Le contrôle des permissions d’accès et surtout le suivi de ces accès permet d’avoir un premier niveau d’alerte en cas de mouvements suspects, que ceux-ci soient le fait d’un employé indélicat ou d’un pirate ayant réussit à pénétrer le système. Nous avons chaque jour des preuves que cela est possible.

L’autre solution consiste à protéger les données elles-mêmes afin de les rendre inexploitables en l’état en cas de piratage.

Protéger la données elle-même : le chiffrement

Le chiffrement reste une valeur sûre pour protéger des données de manière efficace. Comme le définit Wikipedia « Le chiffrement est un procédé de cryptographie grâce auquel on souhaite rendre la compréhension d’un document impossible à toute personne qui n’a pas la clé de (dé)chiffrement. ». Le chiffrement présente donc un réel intérêt pour les entreprises qui souhaitent protéger des données telles que celles liées à leur propriété intellectuelle pour les rendre illisibles, même (et surtout) en cas de vol. Il faudrait en effet déployer des efforts considérables et utiliser un matériel sophistiqué tel qu’un supercalculateur, pour avoir une chance de déchiffrer des données chiffrées obtenues de manière frauduleuse.

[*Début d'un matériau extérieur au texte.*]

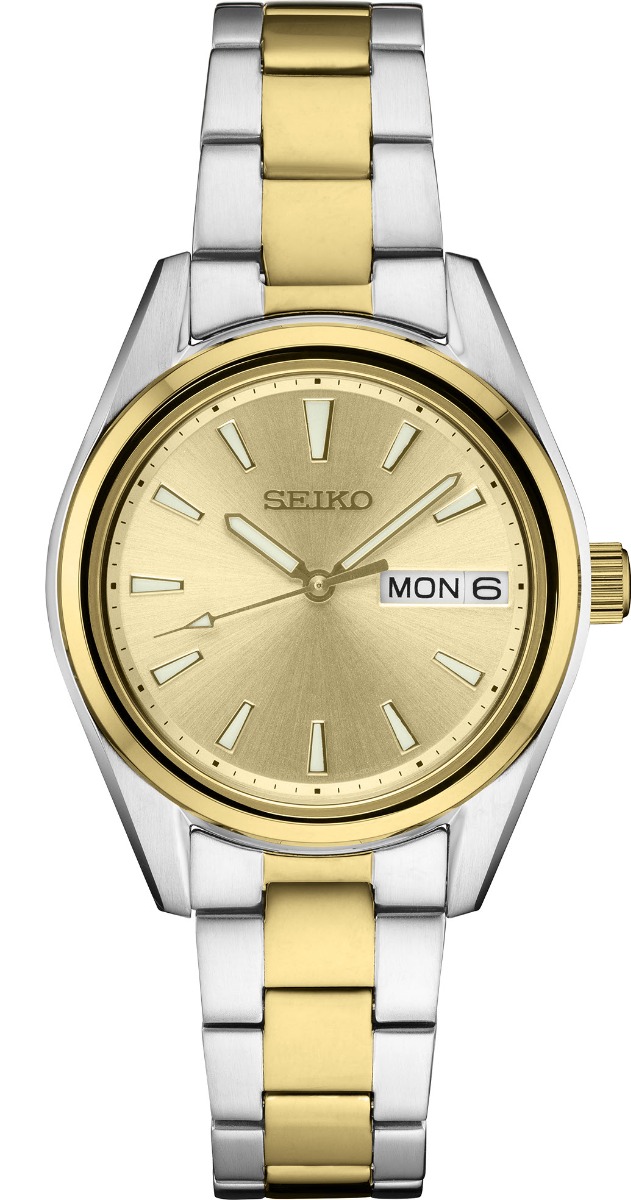 Seiko 29mm Classic Sapphire Women SUR354P1 -  Kvarts - Gull Sølv - Dameklokker - Rustfritt stål - ledd m/pin - Safir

Une fois chiffrées, les données ne peuvent être lues que par les personnes ayant la clé pour pouvoir le faire et ce, où qu’elles sont stockées. Qu’elles soient sur le réseau de l’entreprise, dans le cloud, sur une clé USB ou qu’elles soient échangées par email ou tout autre moyen. Les données chiffrées resteront constamment protégées. L’entreprise sera ainsi la seule à pouvoir accéder au contenu des fichiers, garantissant ainsi leur totale sécurité.

Il convient toutefois de choisir sa solution de chiffrement avec soin. Mieux vaut éviter les solutions de chiffrement non validées ou gratuites dont la fiabilité n’est pas complètement garantie. Idéalement, une entreprise devra porter son choix vers une solution certifiée par des organismes reconnus tel que l’ANSSI (Agence nationale de la sécurité des systèmes d’information).

Ensuite, il faut que cette solution garantisse à l’entreprise, et uniquement à l’entreprise, la totale responsabilité en ce qui concerne la gestion des clés. Le chiffrement doit se faire sur votre système avec la clé conservée en interne.

Si vous décidez d’opter pour le chiffrement et que vous restez maître de vos clés, alors la sécurité de votre propriété intellectuelle sera pleinement garantie.

Dans une récente étude, l’institut Ponemon révélait que « 33 % des entreprises françaises disposent d’une stratégie de chiffrement ». On peut s’étonner que le nombre d’utilisateurs soit si faible alors que la protection des données n’a jamais été aussi importante. Mais soyons positif cela laisse une bonne marge de progression. (‎Par Xavier Dreux, Responsable Marketing chez Prim’X)

Près de 20% des entreprises industrielles ont subi un vol de propriété intellectuelle

L’étude de Kaspersky Lab auprès de 3900 entreprises classe les répondants dans 17 secteurs différents, y compris la fabrication et l’énergie. Ces deux secteurs industriels se démarquent par l’architecture de leur réseau informatique, composé de machines gérées par des logiciels hautement spécifiques.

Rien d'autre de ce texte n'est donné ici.